• [Entries provided]
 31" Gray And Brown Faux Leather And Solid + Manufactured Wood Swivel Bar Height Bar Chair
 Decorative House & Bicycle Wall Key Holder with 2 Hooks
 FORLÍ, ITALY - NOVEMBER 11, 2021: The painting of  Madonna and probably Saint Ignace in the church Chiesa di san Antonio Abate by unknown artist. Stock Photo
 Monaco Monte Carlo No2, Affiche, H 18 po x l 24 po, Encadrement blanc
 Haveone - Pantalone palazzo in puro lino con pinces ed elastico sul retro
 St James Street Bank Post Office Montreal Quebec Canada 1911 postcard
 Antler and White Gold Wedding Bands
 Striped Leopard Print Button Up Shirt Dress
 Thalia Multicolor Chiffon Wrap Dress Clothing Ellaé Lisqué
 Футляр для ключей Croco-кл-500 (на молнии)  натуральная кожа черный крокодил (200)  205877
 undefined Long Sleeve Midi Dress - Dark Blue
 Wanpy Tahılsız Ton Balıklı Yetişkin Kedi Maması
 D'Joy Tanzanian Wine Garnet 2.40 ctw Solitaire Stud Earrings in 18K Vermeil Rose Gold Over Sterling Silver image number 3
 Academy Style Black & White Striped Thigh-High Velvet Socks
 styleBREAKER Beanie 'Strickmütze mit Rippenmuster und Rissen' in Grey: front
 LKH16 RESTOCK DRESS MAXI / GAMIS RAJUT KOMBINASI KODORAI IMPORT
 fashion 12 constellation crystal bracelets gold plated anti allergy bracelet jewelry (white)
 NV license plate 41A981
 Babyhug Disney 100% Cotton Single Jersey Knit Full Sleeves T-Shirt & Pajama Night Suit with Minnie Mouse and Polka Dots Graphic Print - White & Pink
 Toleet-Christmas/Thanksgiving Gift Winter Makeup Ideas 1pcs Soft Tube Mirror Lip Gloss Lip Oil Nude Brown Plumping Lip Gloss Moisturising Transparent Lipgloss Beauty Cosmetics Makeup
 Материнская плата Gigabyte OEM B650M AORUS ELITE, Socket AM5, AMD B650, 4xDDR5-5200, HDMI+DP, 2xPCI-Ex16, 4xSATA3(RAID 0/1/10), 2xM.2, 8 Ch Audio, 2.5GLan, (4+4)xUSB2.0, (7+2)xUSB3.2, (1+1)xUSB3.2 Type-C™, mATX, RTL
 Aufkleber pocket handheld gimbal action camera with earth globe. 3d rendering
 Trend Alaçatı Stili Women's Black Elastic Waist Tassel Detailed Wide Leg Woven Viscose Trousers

• [Exercise requirements] Set down every record above exactly as given.

• [Task answer]
 31" Gray And Brown Faux Leather And Solid + Manufactured Wood Swivel Bar Height Bar Chair
 Decorative House & Bicycle Wall Key Holder with 2 Hooks
 FORLÍ, ITALY - NOVEMBER 11, 2021: The painting of  Madonna and probably Saint Ignace in the church Chiesa di san Antonio Abate by unknown artist. Stock Photo
 Monaco Monte Carlo No2, Affiche, H 18 po x l 24 po, Encadrement blanc
 Haveone - Pantalone palazzo in puro lino con pinces ed elastico sul retro
 St James Street Bank Post Office Montreal Quebec Canada 1911 postcard
 Antler and White Gold Wedding Bands
 Striped Leopard Print Button Up Shirt Dress
 Thalia Multicolor Chiffon Wrap Dress Clothing Ellaé Lisqué
 Футляр для ключей Croco-кл-500 (на молнии)  натуральная кожа черный крокодил (200)  205877
 undefined Long Sleeve Midi Dress - Dark Blue
 Wanpy Tahılsız Ton Balıklı Yetişkin Kedi Maması
 D'Joy Tanzanian Wine Garnet 2.40 ctw Solitaire Stud Earrings in 18K Vermeil Rose Gold Over Sterling Silver image number 3
 Academy Style Black & White Striped Thigh-High Velvet Socks
 styleBREAKER Beanie 'Strickmütze mit Rippenmuster und Rissen' in Grey: front
 LKH16 RESTOCK DRESS MAXI / GAMIS RAJUT KOMBINASI KODORAI IMPORT
 fashion 12 constellation crystal bracelets gold plated anti allergy bracelet jewelry (white)
 NV license plate 41A981
 Babyhug Disney 100% Cotton Single Jersey Knit Full Sleeves T-Shirt & Pajama Night Suit with Minnie Mouse and Polka Dots Graphic Print - White & Pink
 Toleet-Christmas/Thanksgiving Gift Winter Makeup Ideas 1pcs Soft Tube Mirror Lip Gloss Lip Oil Nude Brown Plumping Lip Gloss Moisturising Transparent Lipgloss Beauty Cosmetics Makeup
 Материнская плата Gigabyte OEM B650M AORUS ELITE, Socket AM5, AMD B650, 4xDDR5-5200, HDMI+DP, 2xPCI-Ex16, 4xSATA3(RAID 0/1/10), 2xM.2, 8 Ch Audio, 2.5GLan, (4+4)xUSB2.0, (7+2)xUSB3.2, (1+1)xUSB3.2 Type-C™, mATX, RTL
 Aufkleber pocket handheld gimbal action camera with earth globe. 3d rendering
 Trend Alaçatı Stili Women's Black Elastic Waist Tassel Detailed Wide Leg Woven Viscose Trousers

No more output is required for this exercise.